Huge problems are emerging in leasehold as a result of Lord Neuberger’s (left) Supreme Court decision in the Deajan case, which radically changed the law on s20 major works consultations.
A freeholder’s failure to consult only gives raise to any penalty if the leaseholders can show evidence of prejudice. Leaseholders must now retrospectively show that prejudice has arisen: that the costs of major works (costing more that £250 for a flat) or long-long term contracts (more than £100 per flat) are unreasonable and that an alternative option should reasonably have been chosen.
It is not clear if Lord Neuberger has realised that asking a builder to go back and give a complicated quote for major works which have already been completed and for which they may not have the detailed specification could be a little difficult.
Unwittingly, Lord Neuberger seems to have written a blank cheque for the return of some of the industry’s worst practices, allowing bad freeholders to get away with overcharging and only having to pay back if they get caught and if the leaseholder can now go on to prove they have been unreasonably charged.
Doing that may cost them a considerable amount of money and Lord Neuberger raises the difficult question of leaseholders’ costs potentially being recoverable (a novel concept under the LVT rules which applied at the time)
It is no understatement to say that the whole sector from landlords through to managing agents and to leaseholders is predicting chaos.
A number of LVT cases are emerging where a s20 consultation failure(s) are being excused.
One of the transitional cases is Wilson v Berrido, which started with Deajan at the appeal court stage and concluded with a refused appeal to the Upper Tribunal, which considered Deajan after the Supreme Court ruling.
In refusing permission to appeal the new president of the Upper Tribunal Sir Keith Lindblom concludes in case no LRX/15/2013:
“The tribunal took into account the decision of the Court of Appeal in Daejan Investments Limited v Benson and others  EWCA Civ 38 (ibid.). I have considered whether its decision is consistent with the conclusions of the Supreme Court in that case ( UKSC 14), and I am satisfied that it is.”
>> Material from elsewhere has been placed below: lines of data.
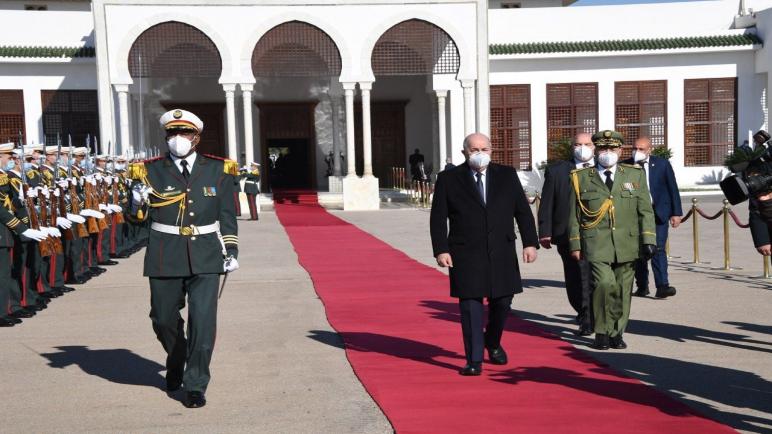 الرئيس تبون يغادر الجزائر في زيارة دولة نحو تونس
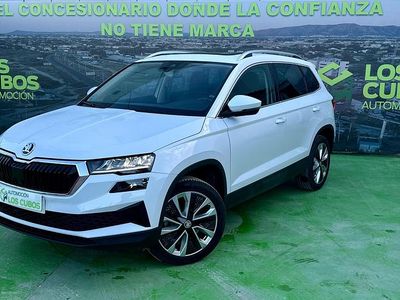 Blanco Usado 2023 Skoda Karoq SportLine SUV | 28.990 € (Un poco caro)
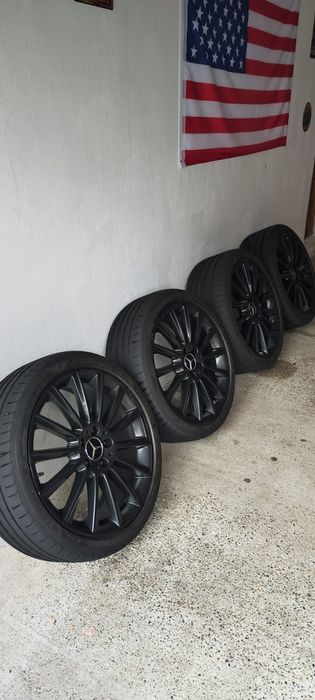 Vând jante Mercedes AMG 19"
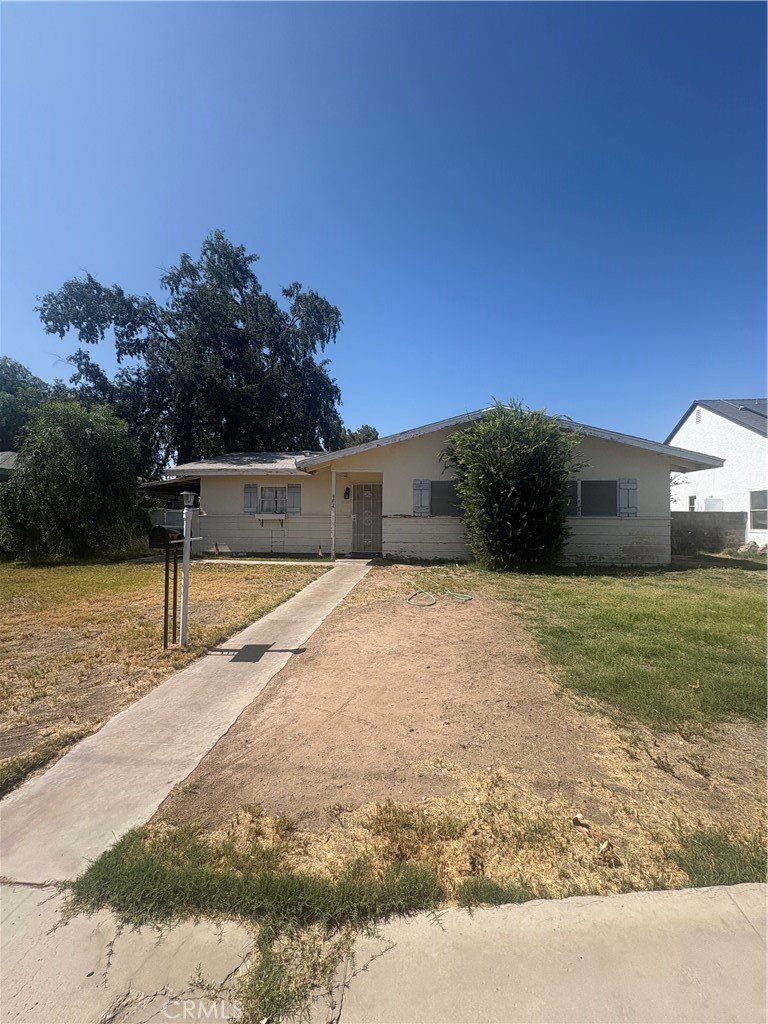 Cozy home on a large lot with a detached garage.
This quaint home will have you dreaming of backyard BBQs!
Don't delay on this well-priced home- please schedule your showing today.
Quite how an appeal court ruling decided in one direction and then overridden by the Supreme Court facing in the other decision can both be considered as correct in the same case is not clear.
Another decision where Deajan causes problems is the retirement home Leasehold Valuation Tribunal case of John Payne and others v Wyndham Housing Association.
The leaseholders started the case prior to the Supreme Court decision, but by the time of the hearing the Supreme Court ruling had been published for a couple of months.
The s27 case included five s20 consultation breaches for which the freeholder sought retrospective dispensation.
The Leasehold Valuation Tribunal was put in the very difficult position of being obliged to follow Deajan, even though there would have been no reason for the leaseholders to include evidence of prejudice in their original submission.
Fortunately, the pensioners had sufficient evidence in the bundle to support their argument of unreasonable costs on a couple of the s20 matters.
In the past, Lord Neuberger has argued that bad statute leads to the generally undesirable position of judge-made law. But that is exactly what we now have.
Deajan seems to be a case of what the whole sector now sees as undesirable judge-made law.
Freeholders and leasehold professionals are deluging Whitehall that primary legislation needs to be considered to undo Lord Neuberger’s handiwork. Housing Minister Mark Prisk will no doubt be asking his civil servants what options he has.
As the result of the Deajan case, we would emphasise to all leaseholders that when bringing a s20 consultation case, or disputing the landlords request for dispensation under s20ZA, you must show evidence of prejudice i.e that the costs are unreasonably high or the quality unreasonably low.